After finding "mildly spicy. Houttuynia" in the data, write out its line and all following lines without change, up to and including the last one. Leave out pictures.

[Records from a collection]
++++
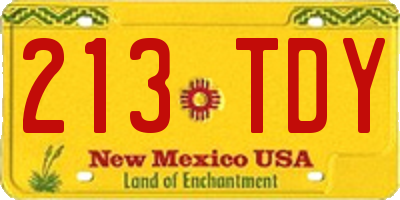NM license plate 213TDY
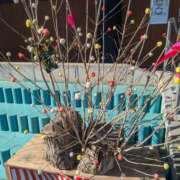 ヒメ日記 2025/03/18 05:52 投稿 たまき 脱がされたい人妻 宇都宮店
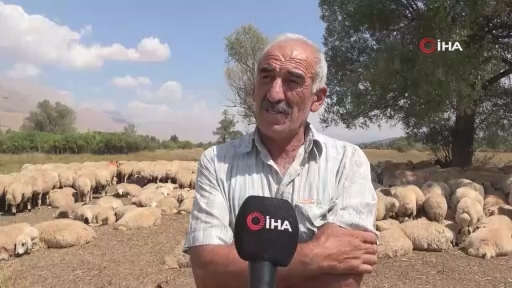"Geçen sene çoban fiyatı 70 bin TL iken bu yıl 130 bin TL'ye çıktı"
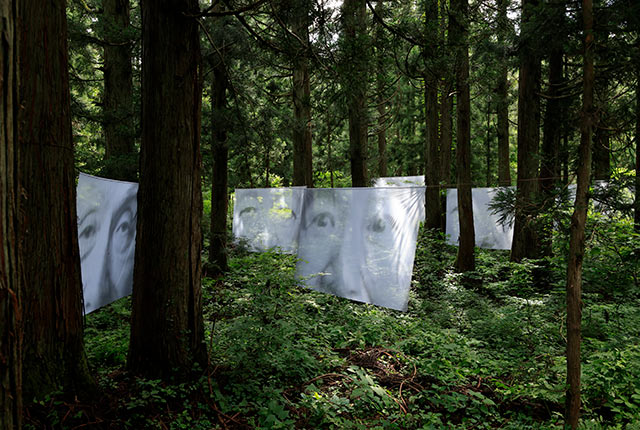 人の顔が大きくプリントされた布を森の中に設置した作品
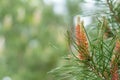 Pine tree with pine cones in the spring forest Royalty Free Stock Photo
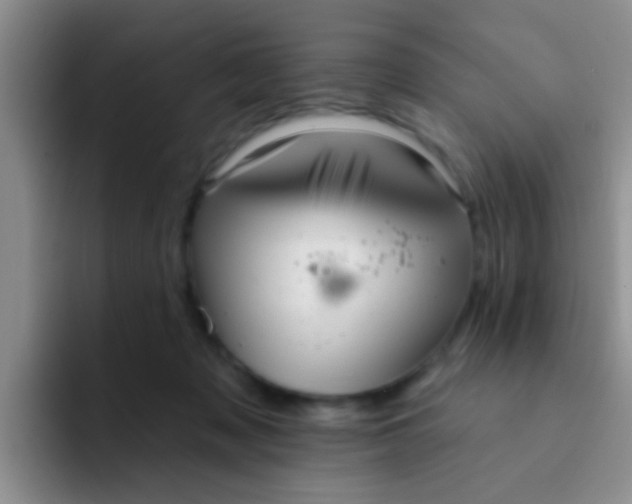 X0000091930317200709261919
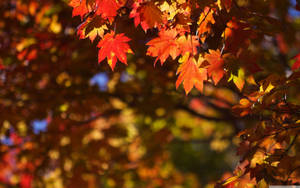 October Autumn Maple Tree Wallpaper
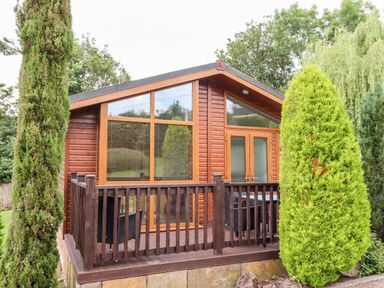 A wooden cabin with large windows and a small deck surrounded by trees at Oak Lodge in Glasshouse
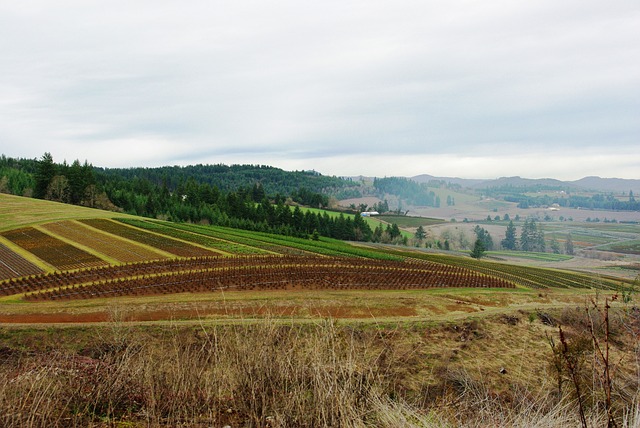 bônus de cadastro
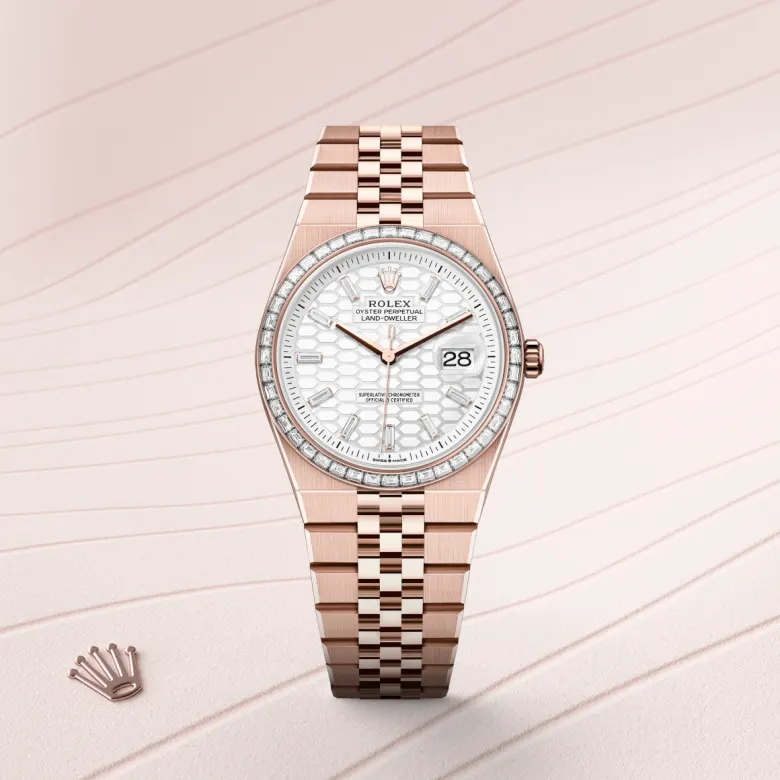 Rolex Land-Dweller 36 M127285TBR-0002 Cooke-and-Kelvey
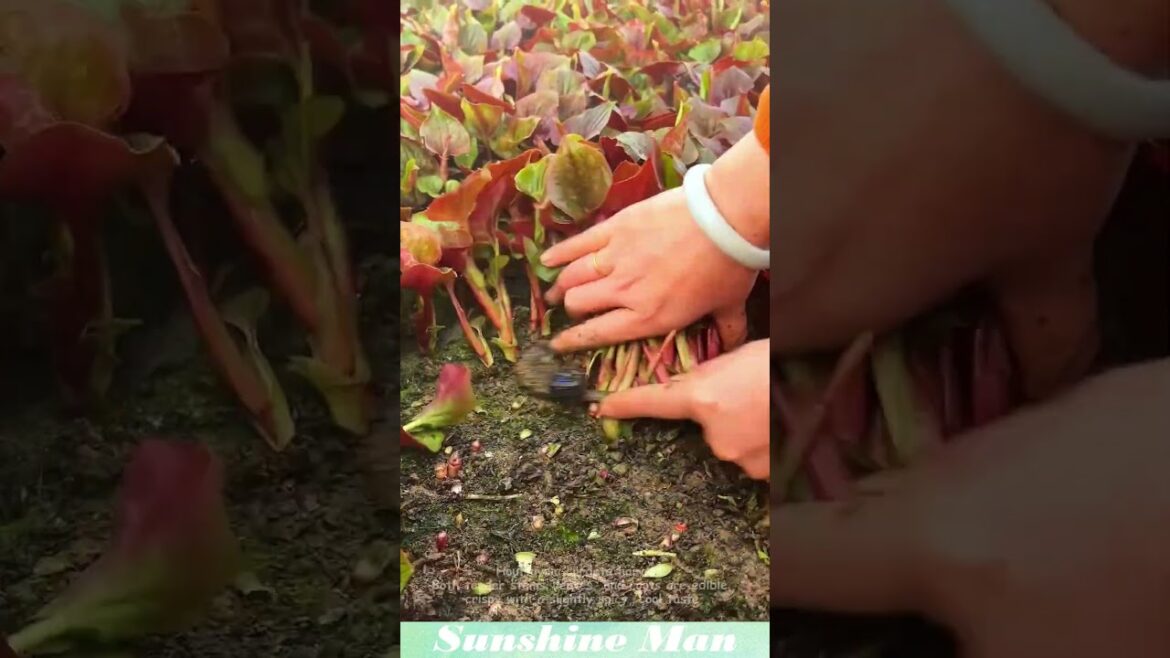 Houttuynia harvest. Tender stems, leaves, roots edible, crisp and mildly spicy. Houttuynia harvest. Tender stems, leaves, roots edible, crisp and mildly spicy.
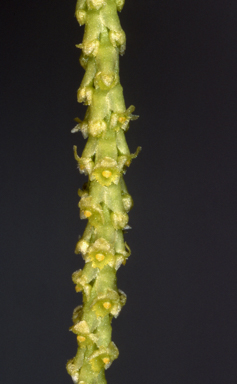 APII jpeg image of Oberonia complanata  © contact APII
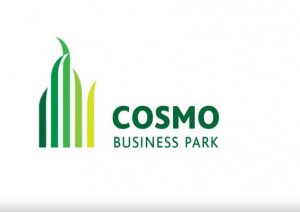 Ceiling installation and repair services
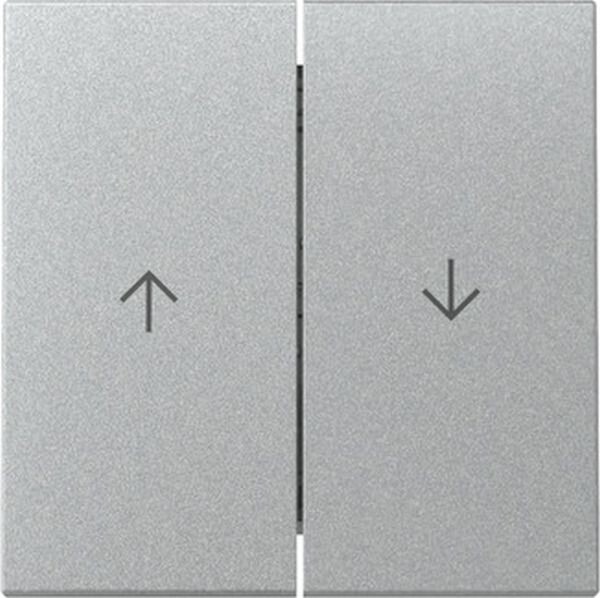 GIRA Wippe 329426 2f Pfeil System 55 F Alu
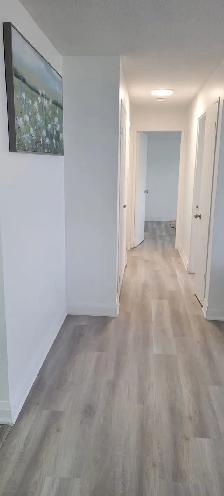 2 Beds 1 Bath Apartment - Photo 5
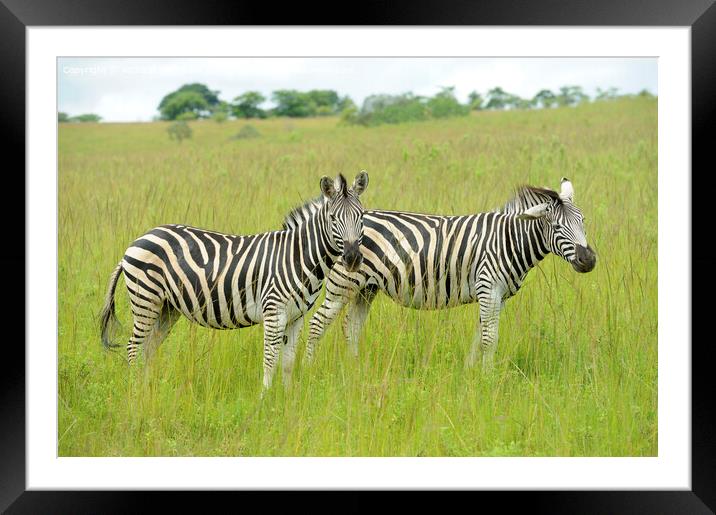 Equus quagga burchellii Framed Mounted Print by Richard Wareham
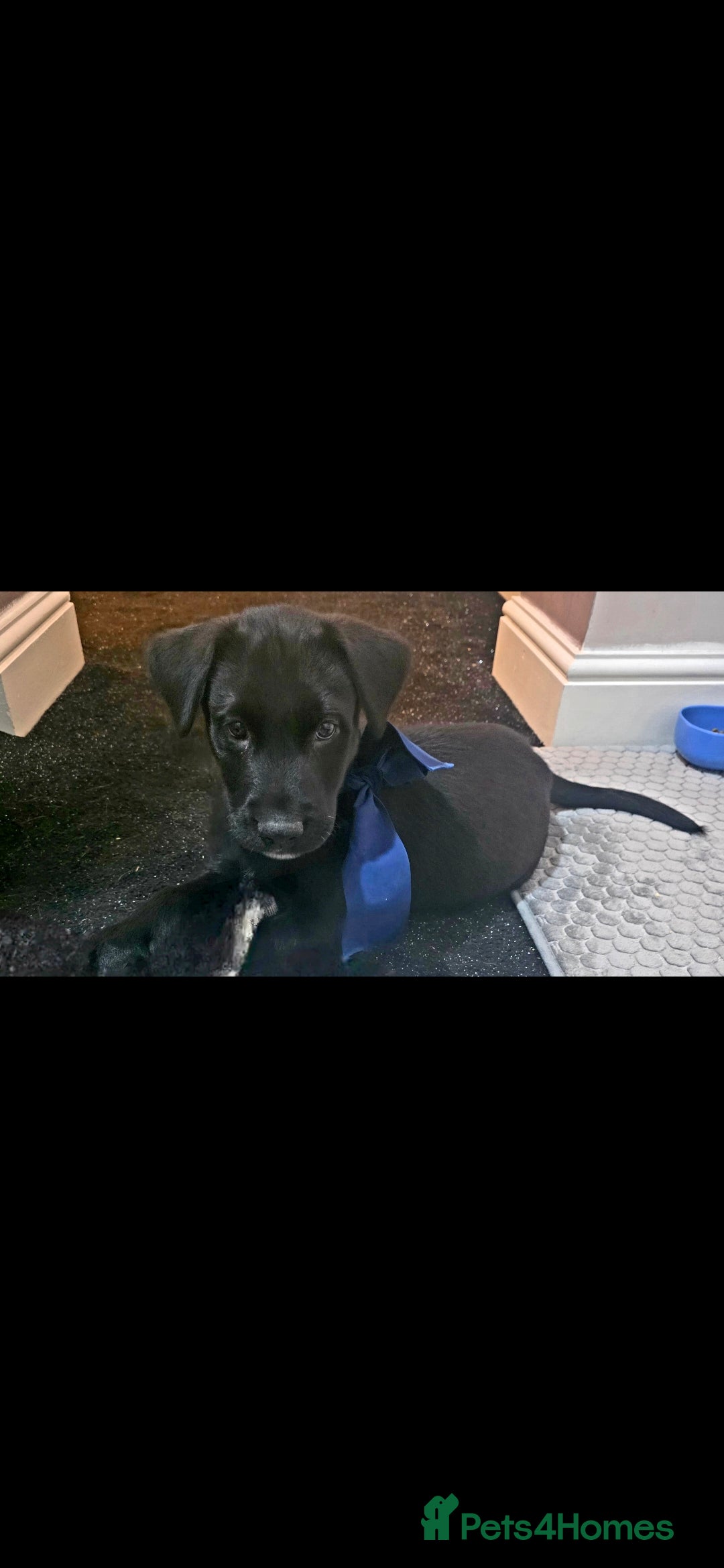 Mixed Breed dogs for sale: STUNNING RED FOX LABRADOR X SPECIAL SIBERIAN HUSKY - Advert 1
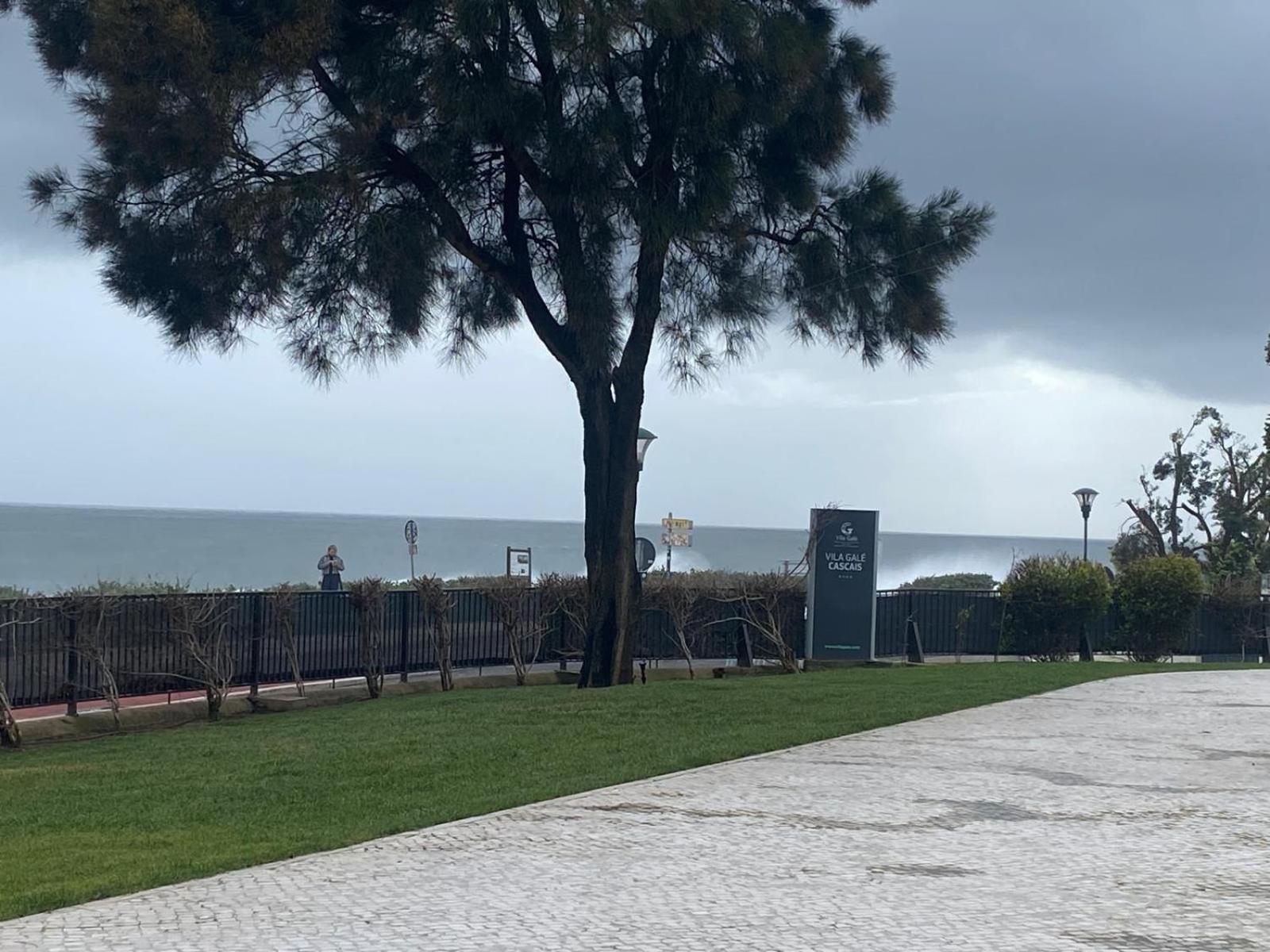 Gale T1 248 Apartment Cascais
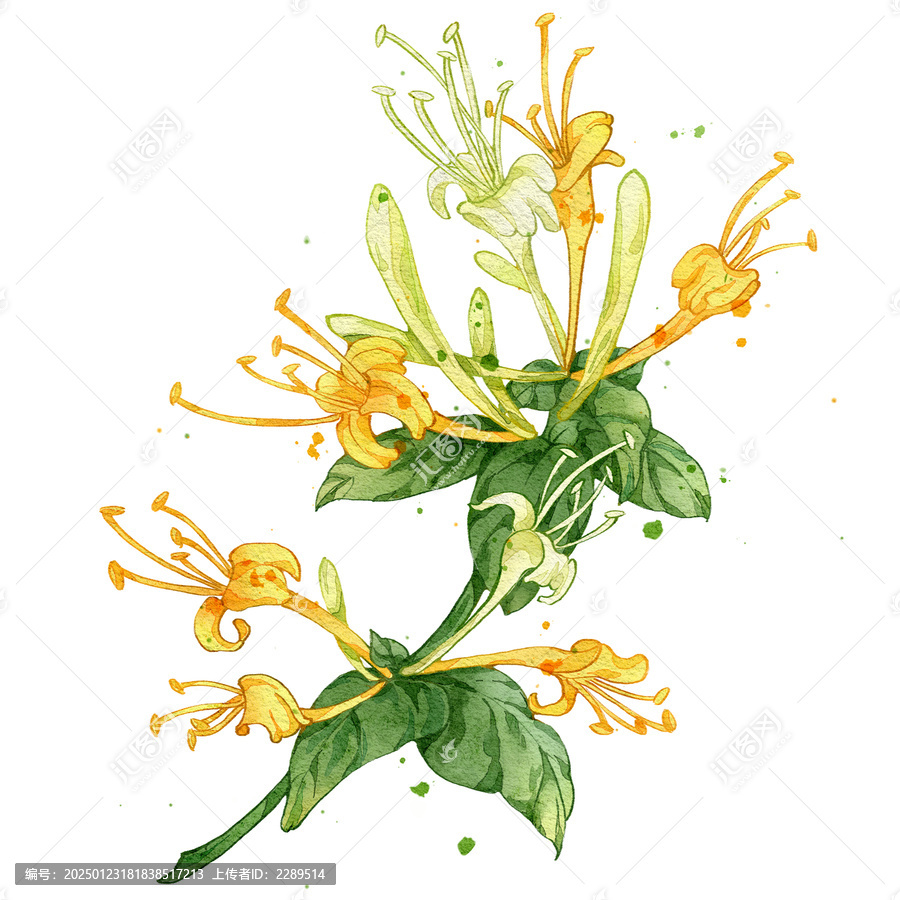 金銀花手繪中藥材水彩插畫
++++
Task result:
 Houttuynia harvest. Tender stems, leaves, roots edible, crisp and mildly spicy. Houttuynia harvest. Tender stems, leaves, roots edible, crisp and mildly spicy.
 APII jpeg image of Oberonia complanata  © contact APII
 Ceiling installation and repair services
 GIRA Wippe 329426 2f Pfeil System 55 F Alu
 2 Beds 1 Bath Apartment - Photo 5
 Equus quagga burchellii Framed Mounted Print by Richard Wareham
 Mixed Breed dogs for sale: STUNNING RED FOX LABRADOR X SPECIAL SIBERIAN HUSKY - Advert 1
 Gale T1 248 Apartment Cascais
 金銀花手繪中藥材水彩插畫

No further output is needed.